Однажды, когда мы со сладострастием огнепоклонниц предавались этому замечательному занятию, сестру окликнули. Я подняла глаза и увидела, что это были трое взрослых мужчин — из тех, что ходили в одинаковой одежде, с бритыми головами и назывались «вохровцы». Они жили все за пустырем, у самого леса, и место, где они жили, называлось в поселке «Вохр». Нам, детям, запрещалось даже ходить в ту сторону, и само это название — «Вохр» — произносилось нами с необъяснимым нутряным каким-то ужасом.
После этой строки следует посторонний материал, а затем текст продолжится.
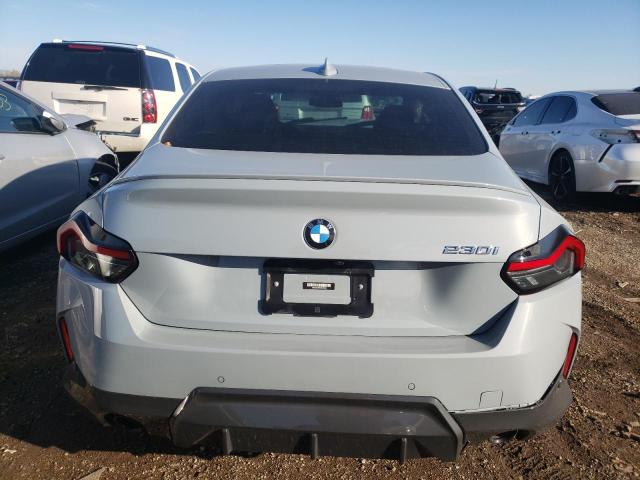 3MW23CM06N8C49926 - 2022 BMW 230I GRAY photo 6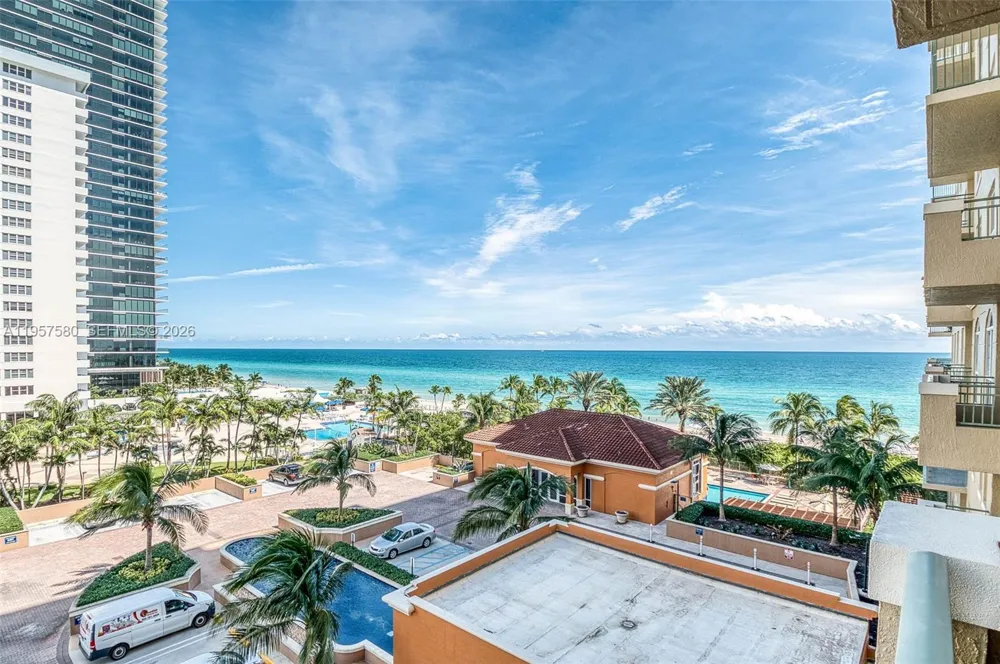 2080 S Ocean Dr #506 Hallandale Beach, FL 33009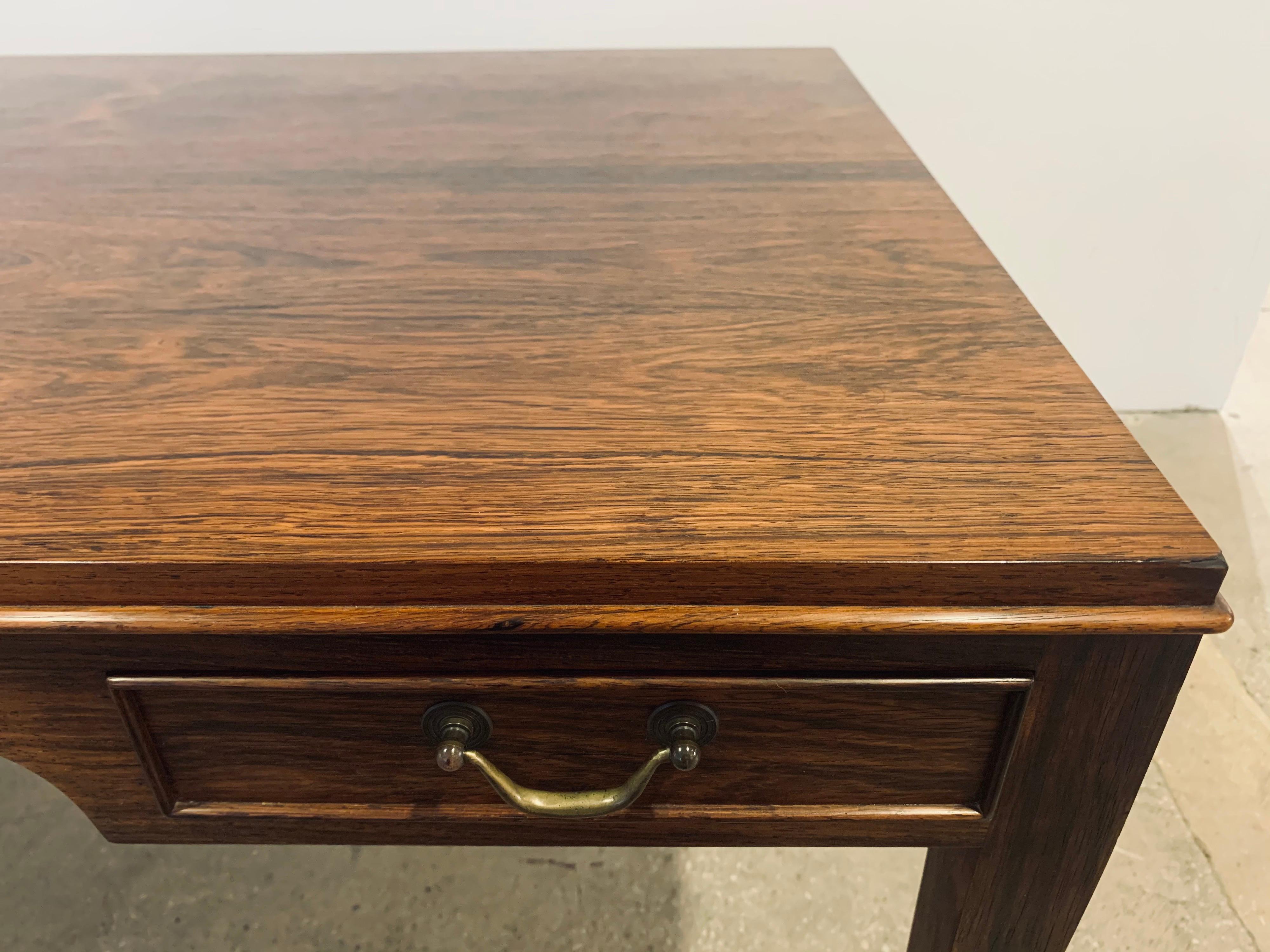 Table basse danoise Frits Henningsen en bois de rose des années 1960 en vente 5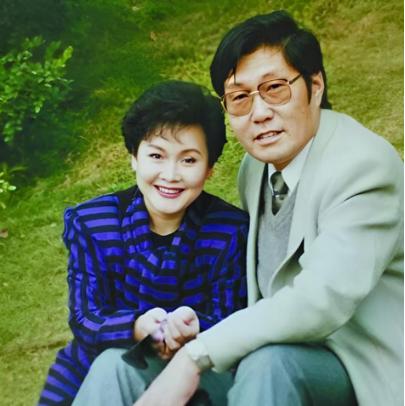 当年，李谷一嫁给金铁霖，婚后一直怀不上孩子，金铁霖主动提出离婚：“离婚吧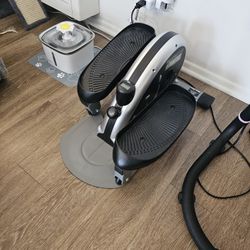 Inmotion Compact Elliptical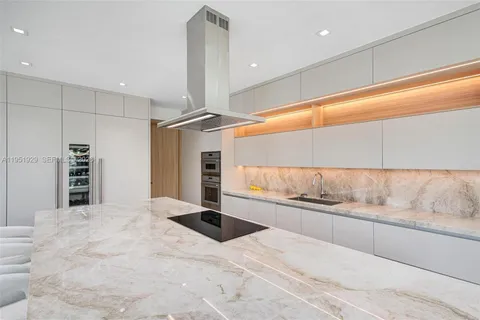 $5,000,000 | 340 Southwest 20th Road, Miami, FL 33129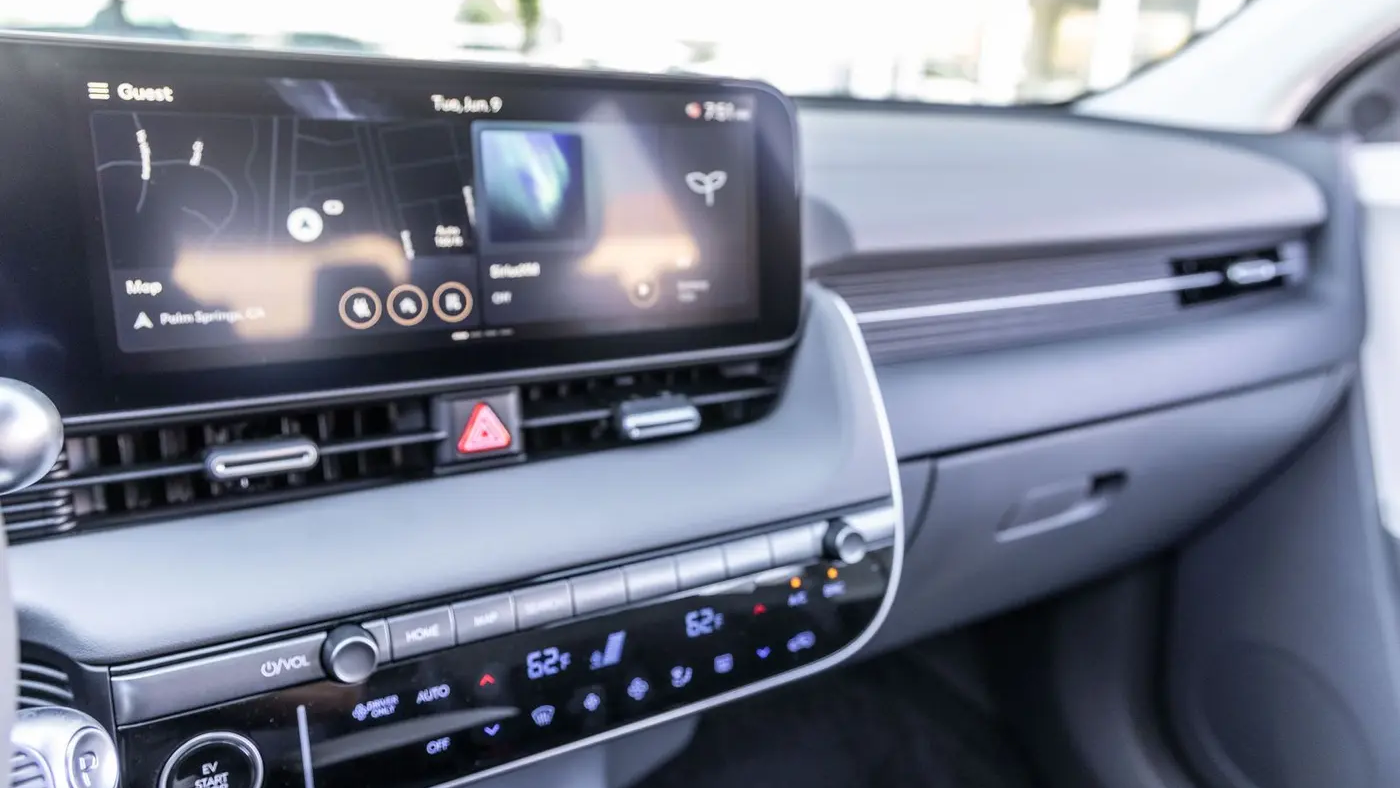 2026 Hyundai IONIQ 5 SE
У меня же этот ужас еще усилился после одного давнего случая. Ранним зимним утром, когда еще совсем была ночь и посреди всего неба находилась огромная морозная луна, белизной выпуклой скорлупы своей и розоватым свечением изнутри ее навязчиво напоминавшая мне небывалое круглое яйцо, мама везла меня на санках в детский сад. Я, конечно, не помню уже, почему мы изменили обычный наш маршрут и поехали по другому пути — мимо «Вохра»: может, мама опаздывала на работу, а может, мы в то утро ехали вовсе не в детский сад, а в поликлинику. Честно говоря, меня, возлежавшую неуклюжим цигейковым кулем на санках, куда больше занимали две вещи: почему упрямое лунное яйцо гонится за нами по своему пустому небу — и не отстает; и как бы это так незаметно успеть зачерпнуть пригоршню снега и отправить его в рот, чтобы мама не услышала и не оглянулась. Было очень тихо, и только мерно и вкусно поскрипывали ночным крепким снегом мамины белые валенки и визжали полозья санок по неширокой дороге, протоптанной через весь пустырь в глубоком снегу, в сугробах высотой по пояс взрослому. Ну, а мне с моих санок даже и пустыря, его ослепительной, звездочками, как картошка, огромной пустоты было не видно, а только длинный извилистый коридор меж двух снеговых бесконечных стенок да попеременное мелькание серых войлочных ступней, какими с аккуратностью нищеты подшиты были мамины валенки. Глаза мои не то слипались ото сна, не то смерзались ресницами от холода. И я уже в полудреме, смутно, услышала, как вдалеке, со стороны страшного «Вохра» со злобным подвывом залаяли собаки.